Le rassemblement le plus large comme stratégie
Les communistes s’adressent également aux classes moyennes, aux travailleurs chrétiens se rapprochant ainsi des catholiques progressistes (action catholique ouvrière, jeunesse ouvrière chrétienne). Ils s’approprient également l’héritage de la Révolution française pour affirmer le caractère républicain du système politique.
Plus qu’une simple alliance électorale, c’est une démarche unitaire pour faire reculer le fascisme et obtenir de nouvelles conquêtes sociales. Ce programme sera élaboré à partir d’un comité national pour le rassemblement populaire en juillet 1935 : « Pain, Paix, Liberté » en sera le slogan.
C’est un programme de relance économique basé sur davantage de répartition des richesses mais aussi par de nouveaux droits pour les travailleurs. Il y a la volonté de contrôler davantage la Banque de France, alors quasi exclusivement privée (aux mains des 200 familles les plus fortunées de France), de créer un système d’aide aux chômeurs, de réduire le temps de travail et lancer une politique de grands travaux mais aussi la dissolution des ligues fascistes (dont un décret a été édité en janvier 1936).
Après la mobilisation dans les urnes, l’heure de la grève!
Élu au printemps 1936, le gouvernement dirigé par le socialiste Léon Blum est vite poussé par un mouvement de grève puissant et massif. Fin mai, des secteurs comme l’automobile, la métallurgie lancent le mouvement. Ils sont vite rejoints par des milliers d’autres : dans le milieu du spectacle, du commerce, la grève s’amplifie au point de devenir générale. Des millions de travailleurs vont occuper leurs lieux de travail (près de 10 000) de manière souvent festive pendant plusieurs jours. Les communistes, non présents au gouvernement, mais organisés au PCF et à la CGT vont être une force motrice de ces mobilisations.
C’est la question du travail qui va être centrale. En effet, alors que la crise a jeté des millions de personnes dans la misère, les plus riches continuent de s’engraisser. La mobilisation qui va mener le gouvernement à enclencher des négociations entre syndicats et patronat instaure les mesures suivantes :
Deux semaines de congés payés.
Réduction du temps de travail de 48 heures à 40 heures par semaine.
Augmentation des salaires : de 7 à 30% selon les secteurs et fin de la part variable du salaire.
Reconnaissance de nouveaux droits syndicaux dans les entreprises notamment la reconnaissance du délégué ouvrier, représentant ouvrier qui peut parler au nom d’un collectif de travailleurs.
Changements institutionnels au sein de la Banque de France avec présence de l’État.

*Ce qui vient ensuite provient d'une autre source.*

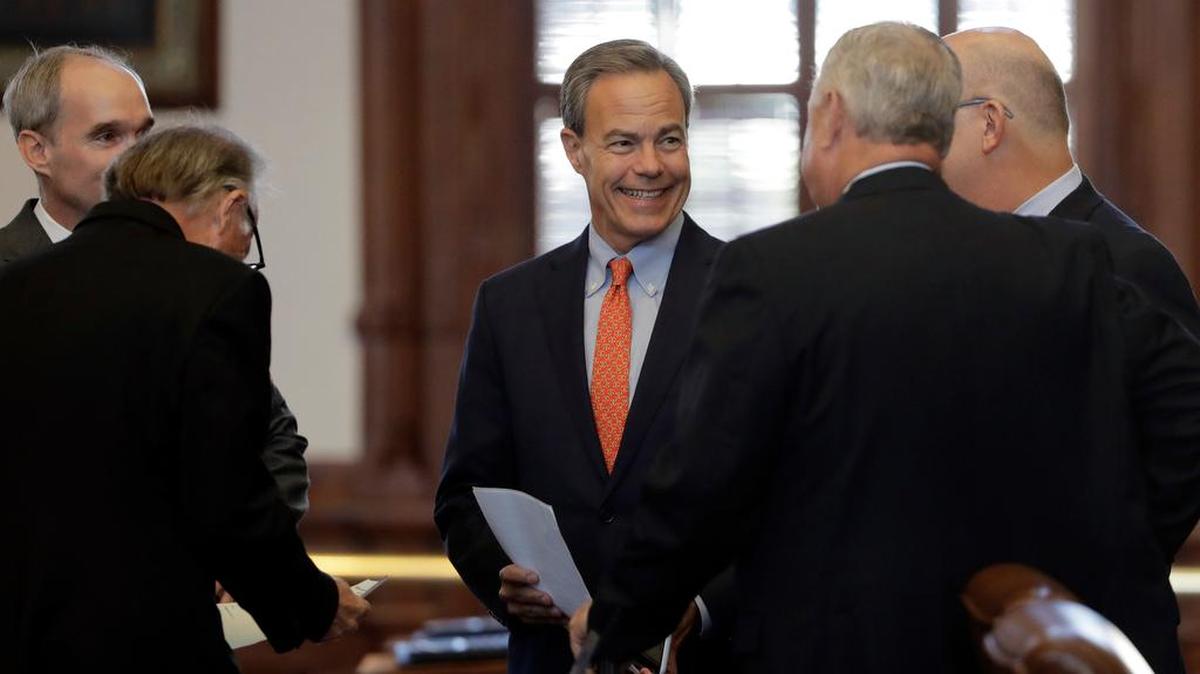 Texas Speaker of the House Joe Straus, R-San Antonio, center, visits with fellow lawmakers on the House floor in Austin, Texas, Tuesday, July 18, 2017.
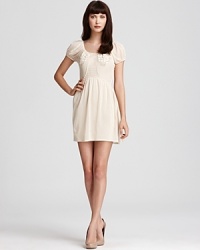 Delight in this season's flair for the romantic with this Juicy Couture dress. Intricate florals bloom against a creamy silhouette for a style that will seduce us all. Delight in this season's flair for the romantic with this Juicy Couture dress. Intricate florals bloom against a creamy silhouette for a style that will seduce us all.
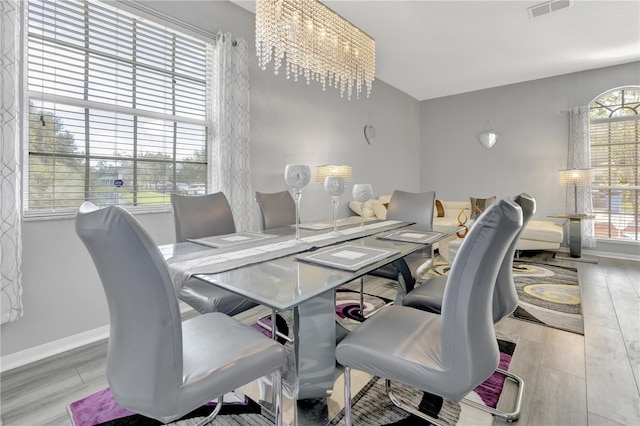 dining space with a wealth of natural light and light hardwood / wood-style flooring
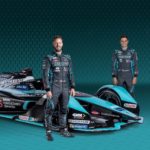 Jaguar drivers standing next to the car.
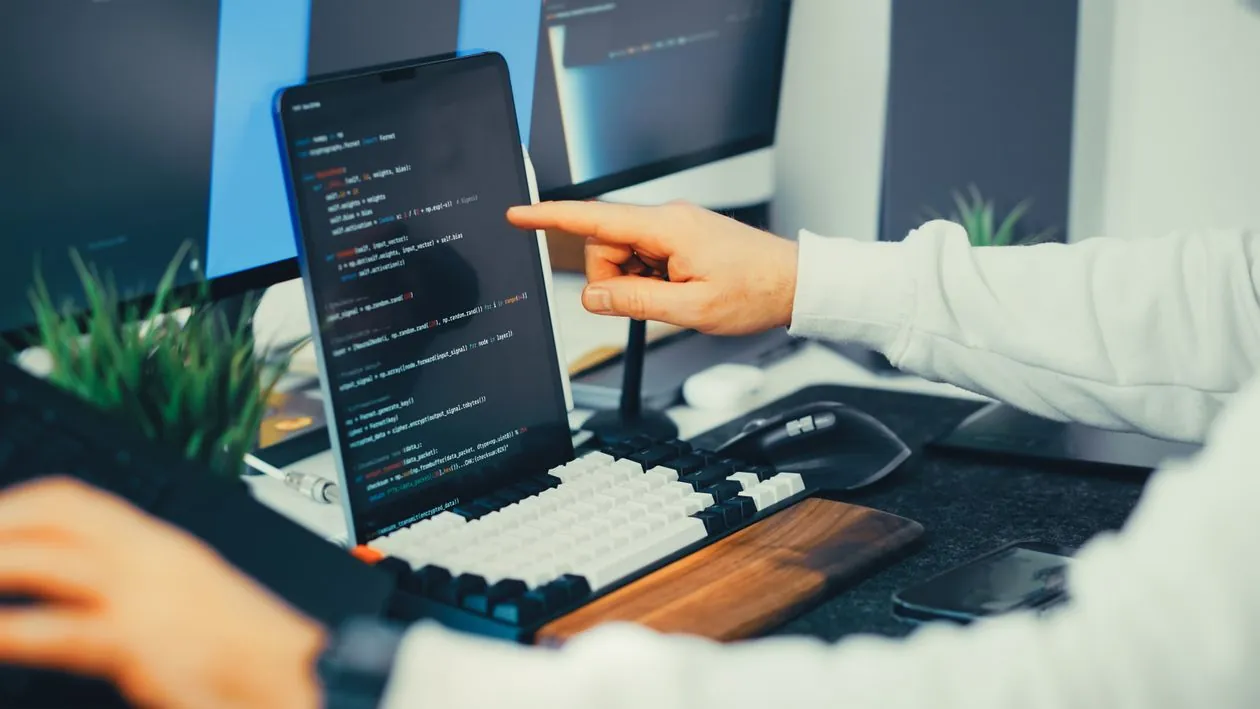 Developer writing SQL migration code on a laptop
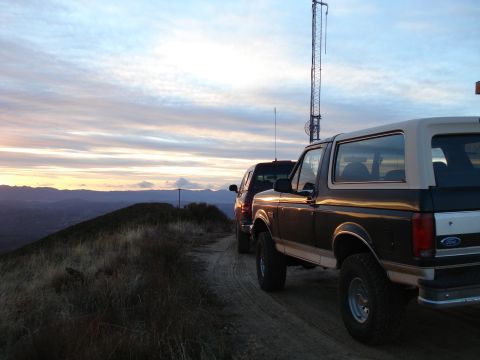 1993 Ford Bronco - Two SUVs, including a 1993 Ford Bronco, are parked on a dirt road overlooking a valley at sunset.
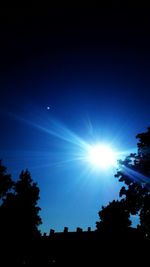 Low angle view of silhouette trees against blue sky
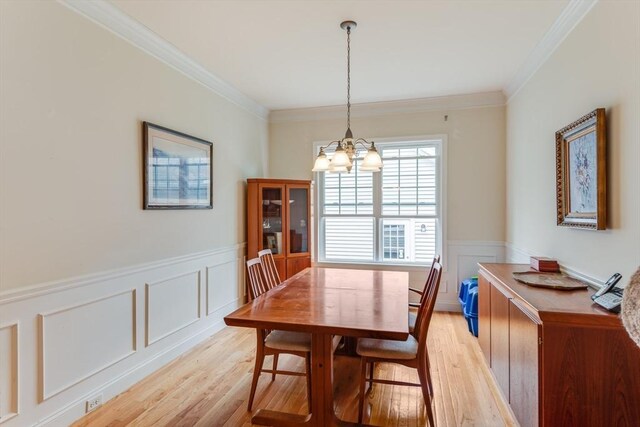 28 Picket Fence, Plymouth, MA 02360 - dining space featuring a chandelier, light wood-type flooring, ornamental molding, wainscoting, and a decorative wall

Ce sont des avancées sociales inédites notamment parce qu’elles reconnaissent pour la première fois l’existence d’un temps de repos financé à partir des richesses produites. Elles montrent que le progrès social est une réalité dans un temps économiquement difficile.
Quel héritage du Front populaire ?
Il faut rappeler qu’il s’agit d’une mobilisation inédite, construite par une stratégie d’unité et de luttes avec le maximum de personnes, qui a porté ses fruits. Elle donne du crédit à l’idée d’alternative à un capitalisme en crise qui laisse des millions de personnes à l’abandon. Les ouvriers prennent conscience de leur force. Le PCF et la CGT vont devenir incontournables dans la période qui suit.
Les conquêtes du Front populaire vont être un pilier important du futur programme du CNR durant la Résistance et des avancées démocratiques et sociales (délégués d’ateliers, congés payés, nationalisations, statut public de la Banque de France) en 1945 et plus largement une référence permanente du mouvement ouvrier.